As indicated above, these tolerances were sufficient to go undetected, and type-pages set in such slightly varying measures could readily be imposed in the same skeleton-formes, the wedges taking up the slack and making no adjustment of the furniture necessary.

[10]

Shakespeare Quarto Facsimiles No. 1 (Shakespeare Association: London, 1939).

[11]

Tudor Facsimile Texts (London, 1913).

[12]

Dr. Williams divides sheet A irregularly, assigning A1v-2 and A3v-4v to compositor A, and the remaining A1 and A2v-3 to compositor B. This might look suspiciously like castingoff copy and setting by formes (if A4v could be transferred to B, but the 90-91 mm. measure found in all eight type-pages would indicate that compositor A set this sheet entire; and on close examination Dr. Williams's spelling criteria are seen to be somewhat indefinite for the pages assigned to B. Real trouble occurs in sheet B, however, which Dr. Williams divides between the two compositors in the regular manner found in subsequent sheets. Yet with the exception of sig.
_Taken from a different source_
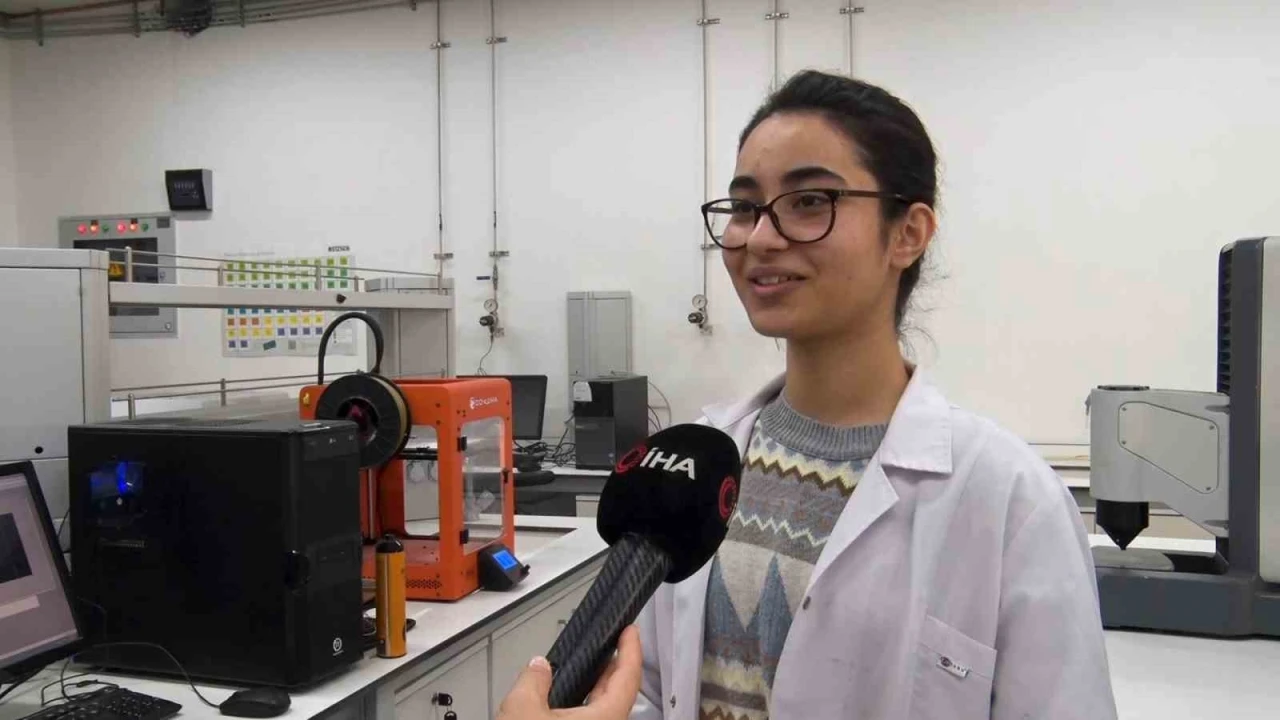 BTÜ’den Türkiye’de bir ilk: Lise öğrencileri bir ay boyunca üniversiteli oldu
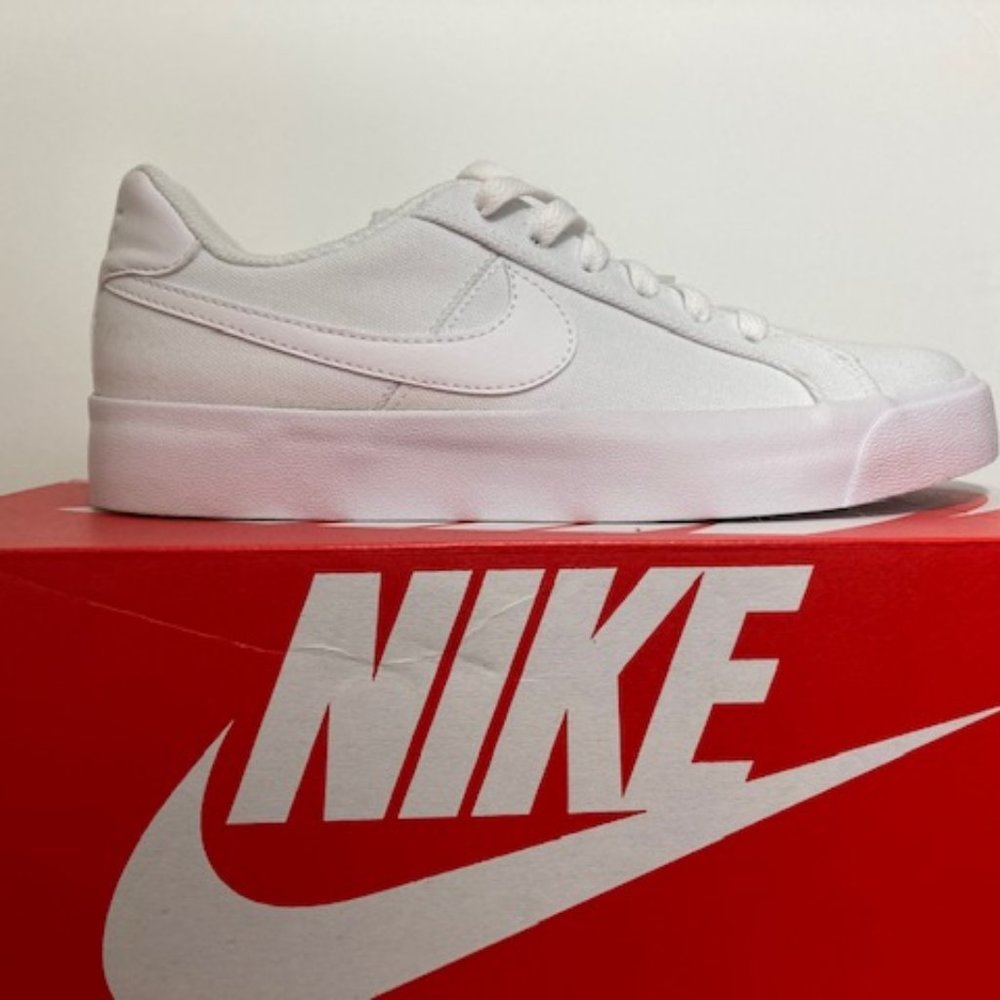 *BRAND NEW* Womans NIKE Cout Royale Sneaker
B3 where the measure is perhaps doubtful and could be that of compositor A, the measure of B3-4v is certainly 88-89 mm. and therefore associated with compositor B, who had definitely set B1-2v in this same measure, the spelling tests agreeing for these earlier pages. I do not pretend to be able to explain this aberration, since in the disputed pages the spelling very strongly suggests compositor A. I hesitate to conjecture that in this one instance (as possibly in the preceding sheet if the spelling tests there are really precise) the stick passed from hand to hand, but perhaps it did.

[13]

"New Uses of Watermarks as Bibliographical Evidence," Papers of the Bibliographical Society, University of Virginia, I (1948-49), 151-182. Printing by two presses must necessarily require the services of two compositors.

[14]

The determination of the precise spelling criteria which may be used as distinguishing features of the work of two compositors and then the application of these tests to any given book is an extremely onerous task which may on occasion be lightened by at least a tentative assignment of pages between compositors on the evidence of their measures.

[15]

Since a study of the characteristics of the compositors of a book is necessary before a textual critic can emend with any certainty, the working bibliographer owes it to the critic to analyze a book with the maximum precision in preparing it for criticism. Every available technique should be exploited, therefore, and among these it is possible that in certain cases the extension of the ways in which this evidence of the printer's measure may be employed and the results interpreted will prove of considerable value.